If you want to try on your own, the BAM files are available on dropbox, but be aware that they are big files.
bamsToQC <- c("~/Downloads/SOX9CNR_D0_rep1_sorted.bam", "~/Downloads/SOX9CNR_D0_rep2_sorted.bam",
"~/Downloads/SOX9CNR_W6_rep1_sorted.bam", "~/Downloads/SOX9CNR_W6_rep2_sorted.bam")
peaksToQC <- c("data/peaks/SOX9CNR_D0_rep1_macs_peaks.narrowPeak", "data/peaks/SOX9CNR_D0_rep2_macs_peaks.narrowPeak",
"data/peaks/SOX9CNR_W6_rep1_macs_peaks.narrowPeak", "data/peaks/SOX9CNR_W6_rep2_macs_peaks.narrowPeak")
Then we can run the ChIPQCsample
function using
lapply while cycling through the paths to BAM and peak files.
Here we limit the analyis to chromosome 18.
All ChIPQC functions can work with a named list of ChIPQCsample objects to aggregate scores into table as well as plots.
Here we use the QCmetrics() function to give an overview of quality metrics.
## Reads Map% Filt% Dup% ReadL FragL RelCC SSD RiP% RiBL%
## SOX9CNR_D0_rep1_sorted.bam 3858873 100 7.49 0 36 79 2.000 3.23 5.59 2.70
## SOX9CNR_D0_rep2_sorted.bam 2310101 100 9.05 0 34 81 3.290 3.50 1.22 2.72
## SOX9CNR_W6_rep1_sorted.bam 835558 100 5.05 0 36 73 0.975 2.66 32.80 1.91
## SOX9CNR_W6_rep2_sorted.bam 1600013 100 5.49 0 35 71 0.348 5.60 25.90 1.97
As we discussed while calling peaks, CUT&RUN will often show the presence of common artifacts, such as ultra-high signal regions. Such regions can confound peak calling, fragment length estimation and QC metrics. Anshul Kundaje created the DAC blacklist as a reference to help deal with these regions.
SSD is one of these measures that is sensitive to blacklisted artifacts. SSD is a measure of standard deviation of signal across the genome with higher scores reflecting significant pile-up of reads. SSD can therefore be used to assess both the extent of ultra high signals and the signal. But first blacklisted regions must be removed.
ChIPQC calculates SSD before and after removing signal coming from Blacklisted regions.
The plotSSD() function plots samples’s pre-blacklisting score in red and post-blacklisting score in blue.
Blacklisting does not have a huge impact on SSD in our samples, suggesting a strong peak signal.
This is not always the case. Sometimes you will much higher pre-blacklist SSD than post-blacklist SSD. This would indicate a strong background signal in blacklisted regions for that sample.
Below is an example of this from another dataset:
A potential source of noise in CUT&RUN is overamplification of the CUT&RUN library during a PCR step. This can lead to large number of duplicate reads which may confound peak calling.
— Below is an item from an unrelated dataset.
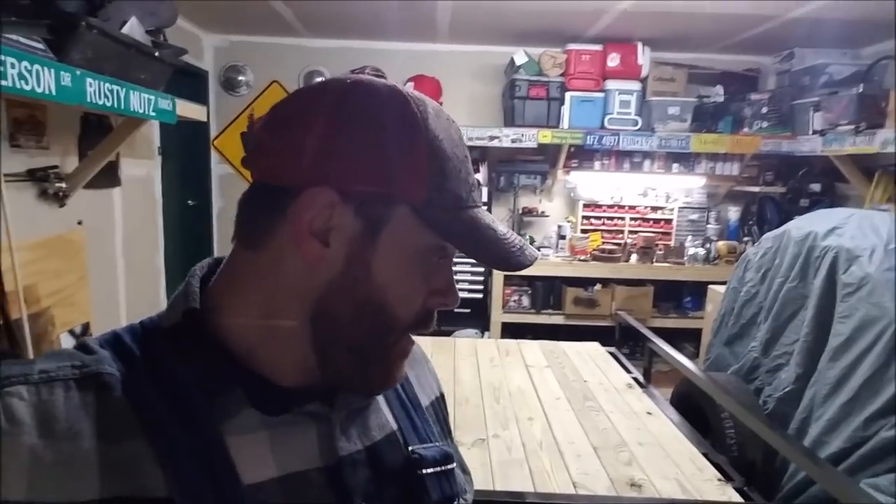Hey guys. Well, as you can see we're back in the old shop. It's been probably about a week and a half, almost two weeks now, since I started making the video for the trip to look at that Case SC and also to check out my buddy Mike's collection of International tractors.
We should compare our duplication rate across samples to identify any sample experiencing overamplification and so potential of a lower complexity.
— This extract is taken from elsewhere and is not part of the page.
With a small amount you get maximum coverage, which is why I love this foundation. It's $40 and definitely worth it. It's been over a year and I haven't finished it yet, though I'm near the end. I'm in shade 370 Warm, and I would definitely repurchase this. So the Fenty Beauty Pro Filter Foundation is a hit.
The flagtagcounts() function reports can report the number of duplicates and total mapped reads and so from there we can calculate our duplication rate.
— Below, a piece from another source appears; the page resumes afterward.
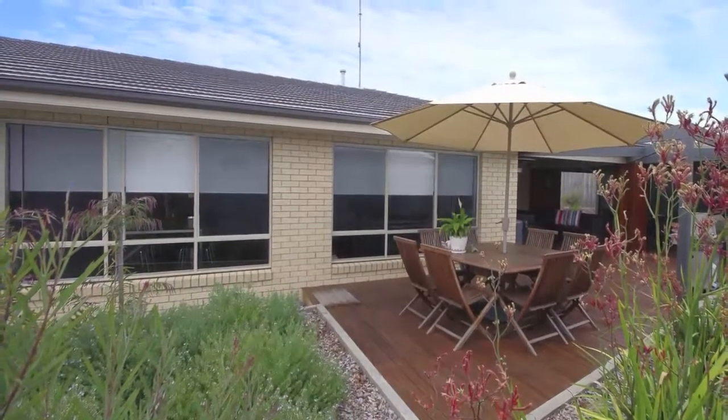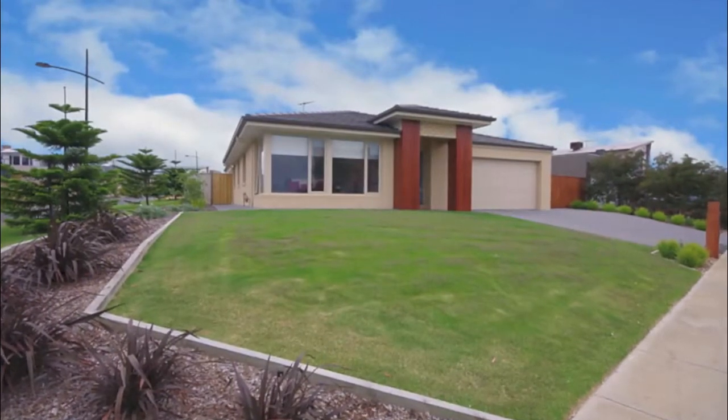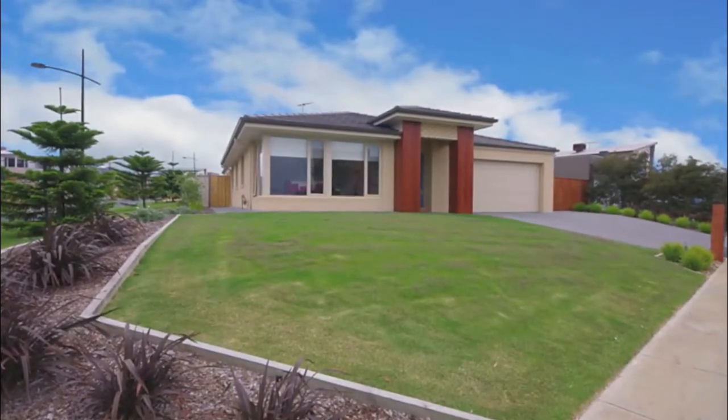With rainwater tank, established gardens and low maintenance surrounds, this property will certainly allow the astute purchaser to sit back and enjoy all the Surf Coast has to offer.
## SOX9CNR_D0_rep1_sorted.bam SOX9CNR_D0_rep2_sorted.bam SOX9CNR_W6_rep1_sorted.bam
## 0.18044154 0.25100764 0.22392940
## SOX9CNR_W6_rep2_sorted.bam
## 0.05412144
We can also use ChIPQC to review where our distribution of reads across gene features using the plotRegi() function.
Here we expect CUT&RUN signal to be stronger in 5’UTRs and promoters when compared to input samples.